Here is the teacher’s account:
Recently, my colleagues and I were introduced to a “Deeper Look at Instructional Practice and TKES.” The two-hour presentation started with a short history of TKES and how it originated with House Bill 244 during the 2013 legislative session.
The law creates a single, statewide evaluation system for teachers of record (the teacher whose name appears on the transcript as the teacher of a particular class). The law requires student achievement be tied to the teacher’s professional evaluation. Student achievement must contribute at least 50 percent to the teacher’s Teacher Effectiveness Measure or TEM score. The law requires that student achievement be weighted more heavily than observations. The purpose is to optimize student learning and growth, improve the quality of classroom instruction, and support the continuous growth of teachers.
This diagram was provided to explain how a TEM score is calculated. Teachers are scored on one of four Levels I, II, III, IV, with IV being exemplary:
A quick glance at the chart shows there only seven boxes in which a teacher is considered “proficient” or “exemplary.” There are nine boxes in which a teacher might be considered “needs development” or “ineffective.”
A question was immediately raised by a teacher: “How are we supposed to succeed when there are more opportunities to do poorly than to do well?”
The response of the presenter: “I advise you to contact your legislator, as I am only the messenger.”
The conversation quickly moved on to the real reason for our meeting that day. There was a general lack of consistency for the 2014-2015 school year between ratings for teachers and ratings for student achievement. Teachers were consistently rated at Level 3 or proficient. But, student performance on standardized tests was on average at Level 2 or needs development.
The state Department of Education wants teacher ratings and student ratings to align. Therefore, the solution was to teach administrators how to rate teachers lower.
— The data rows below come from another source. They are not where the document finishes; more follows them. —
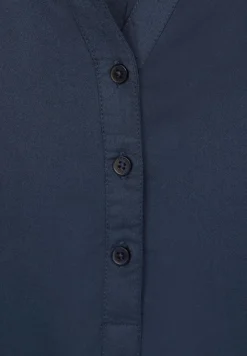 Cecil Blusen*Turn-Up Bluse casual denim blue
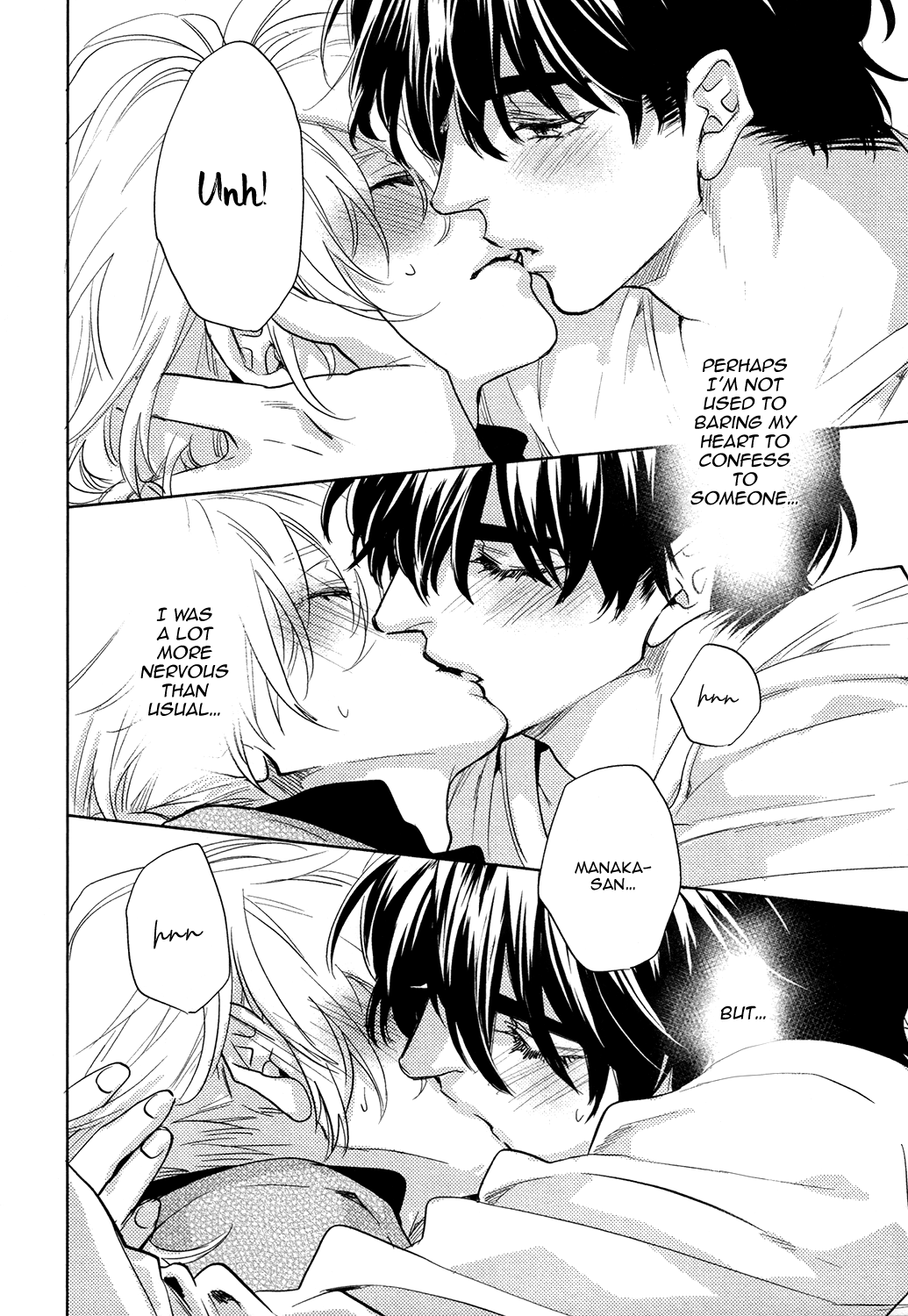 Toshishita Kareshi ni Semararetemasu Vol. 1 Ch. 3 第33页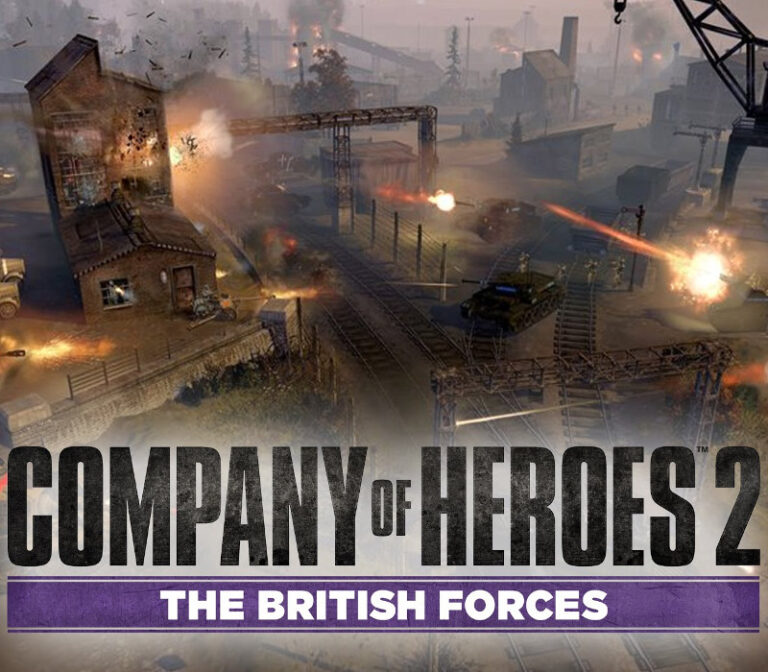 Company of Heroes 2 - The British Forces-gave
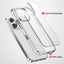 Top Quality Aurora Series High Transparent Phone Case For iPhone 11 12 13 14 Pro Max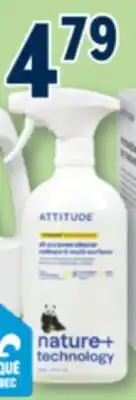 Familiprix ATTITUDE, Selected cleaning products offer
Rather than address the reasons why students do poorly on tests, the quick fix is to downgrade the teachers who clearly failed to do their jobs.
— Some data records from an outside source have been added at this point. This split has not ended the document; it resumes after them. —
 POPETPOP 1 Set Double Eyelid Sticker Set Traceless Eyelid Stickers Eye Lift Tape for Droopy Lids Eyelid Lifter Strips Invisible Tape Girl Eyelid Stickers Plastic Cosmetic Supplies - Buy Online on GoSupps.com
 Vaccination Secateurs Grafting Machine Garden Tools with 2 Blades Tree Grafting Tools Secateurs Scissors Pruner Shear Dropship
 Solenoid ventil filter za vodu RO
Administrators were trained over a three-day period earlier in the school year, so it was only fair that teachers be informed of what to expect. “It wasn’t economically feasible to train every teacher in the state of Georgia on the TKES platform, so the state decided to teach the raters (administrators) first and worry about the teachers later,” said the presenter.
To quote the presenter, “We are going to build the plane while we fly it.”
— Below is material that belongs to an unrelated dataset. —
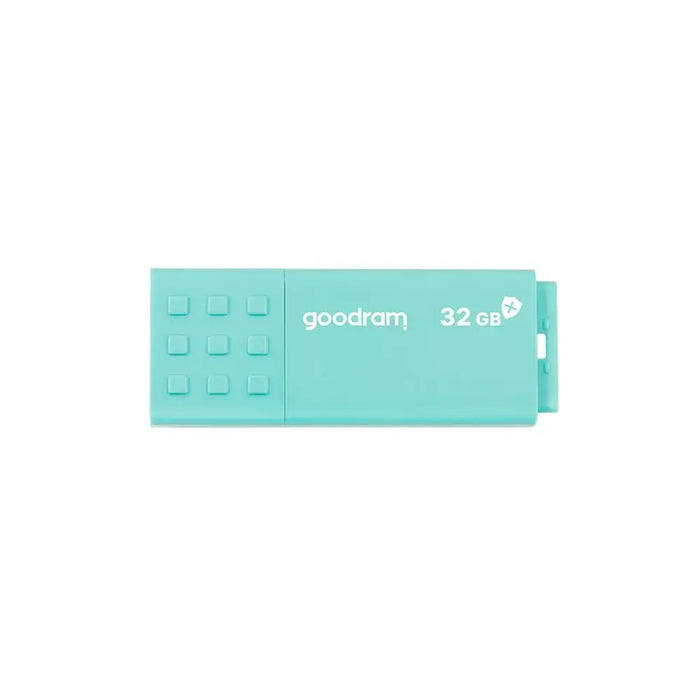 USB stick GoodRam UME3 Turquoise 32 GB (1 Unit) - USB флаш устройства<<<Компютър Мрежи и компоненти<<<Компютри|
And finally, “The state wants to make sure we get this right, so we pushed back the full implementation of TKES until 2016-2017. Your results won’t begin to count against you until 2017.”
The point is raters (administrators) need to give more 2s in their ratings of teachers and fewer 3s Teachers should shoot for Level 3 in their practice, but the reality is that you can’t be there all the time. Teachers shouldn’t take it personally when they are given 2s on their observations, but rather see it as an opportunity to grow in professional practice.
One teacher asked, “Is it possible to get a Level 4 (exemplary rating)?”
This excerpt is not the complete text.